果実酒

 1年前に漬けた枇杷の果実酒を出してみた。毎年庭で大量に採れる枇杷の実はコンポートやジャムにして近所にも配り、残りを氷砂糖と一緒に焼酎に漬ける。

 葉は入浴剤にすると身体が芯から温まり、乾燥させて茶にして飲むと、咳止めや浮腫の解消、胃腸の調整、美肌効果などがある。苦くて美味しくないが、風邪の引き始めによく母に飲まされた。
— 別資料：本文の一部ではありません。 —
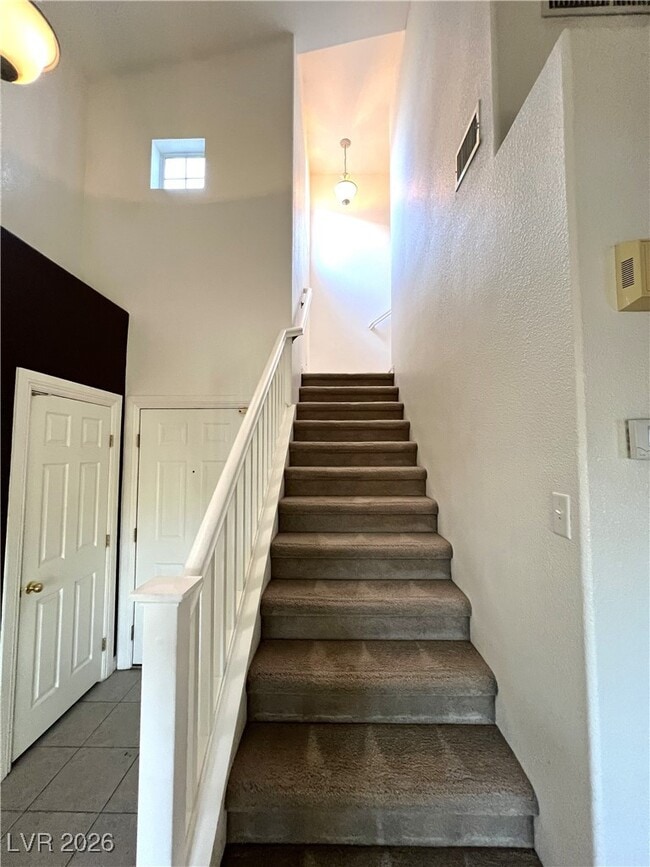 Building Photo - 9145 Murmuring Tide Ave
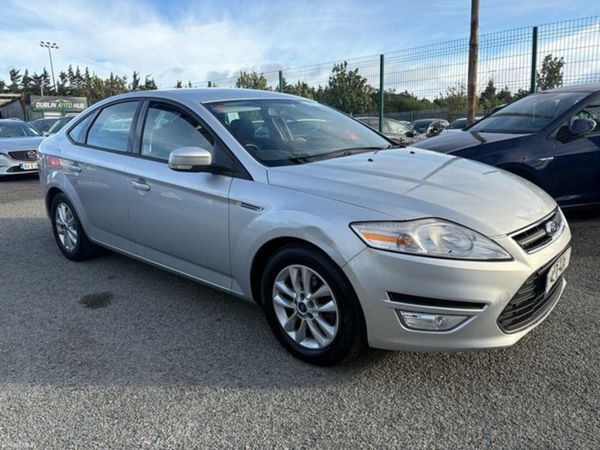 Ford Mondeo Hatchback, Diesel, 2014, Silver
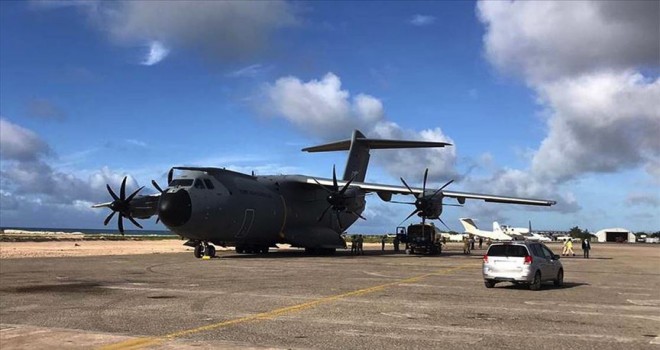 Türkiye'nin tıbbi yardım malzemeleri Somali'ye ulaştı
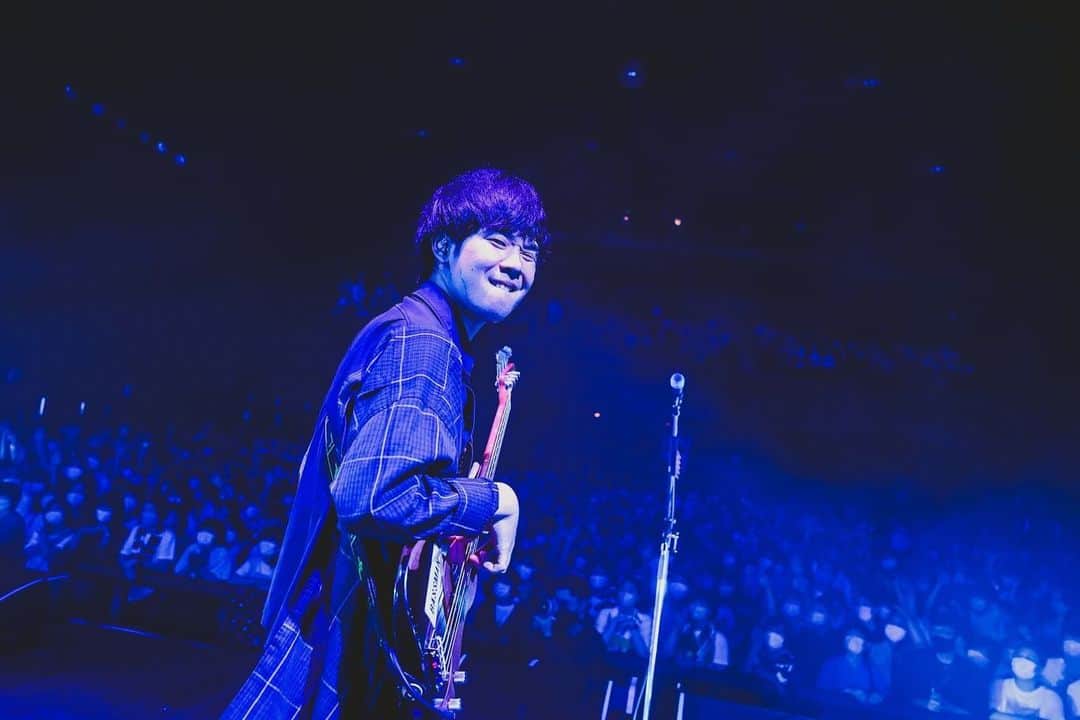 秋澤和貴のインスタグラム：「フジファブリックとのツーマン最高でした。またいつか必ず！  photo by @t_s_p_1988   衣装 by @utilityharajuku」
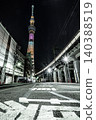 燈光璀璨的東京晴空塔直插夜空，高架鐵路沿線的城市景觀盡收眼底。 140388519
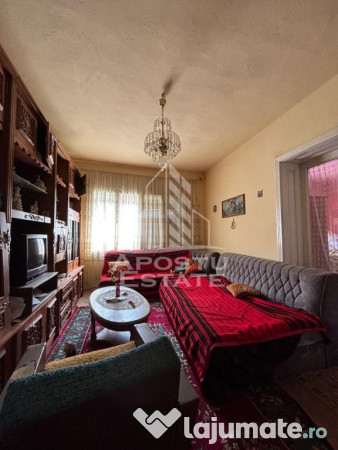 Casa cu 5 camere, 777 mp teren la MOLDOVA VECHE, ideal ca... 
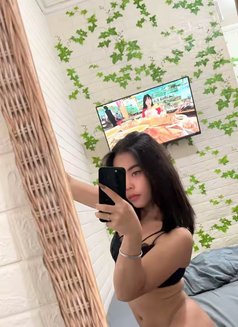 Azizi - Transsexual escort in Bali Photo 9 of 12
 枇杷には捨てる所が無い。種も中身を取り出して炒って食べるとホクホクして美味しいが、生の種子は動物の体内の酵素と結びついてシアン化合物(青酸)を発生させるので食べ過ぎ注意だ。未成熟な種子を動物に食べられないようにする植物の防衛機能なのだろう。

 食べてはいけないと農林水産省から注意喚起も出されている。

 

 漬けた当初は薄い黄色だった色が徐々に琥珀色に染まり、今は黒に近い濃い橙色に変わっている。炭酸水で割るのも良いが、喉を通る刺激が苦手な私は枇杷酒と水を背の低いグラスに注いで氷を浮かべた。

 薄くなった橙色を光に透かして見る。キラキラと光を照り返す複雑な屈折が美しい。


―きれい…


―おさけ…


 そういえばすうにお酒を飲ませた事はないが、飲むとどうなるのだろう。ジャムやコンポートは喜んでいたが、酒は飲んでいない。

 悪戯心を起こしてグラスをもう一つ用意し、液体を注いで卓袱台の隅に置く。


―おさけ…


 私は自分もグラスを傾けながら、すうの声を聞いていたが、つい飲み過ぎてそのまま眠ってしまった。

 夜中にふと目が覚めると、なんだか部屋の様子がおかしい。

 点けた覚えのないラジオが音楽を流し、それに合わせるように蛍光灯が明滅し、部屋に置いてある時計や食器等が踊っている。


―おさけ…


―おいしい…


―たのしい…


「すう!?」


 視界の端に子供のような裸足の爪先がちらりと映り、私は慌てて大声を上げた。


 置き時計がぽとりと畳の上に落ちた。壊れていないか確かめて、他の落下物を拾い集めながら、私はすうに酒を飲ませるのはやめようと強く思った。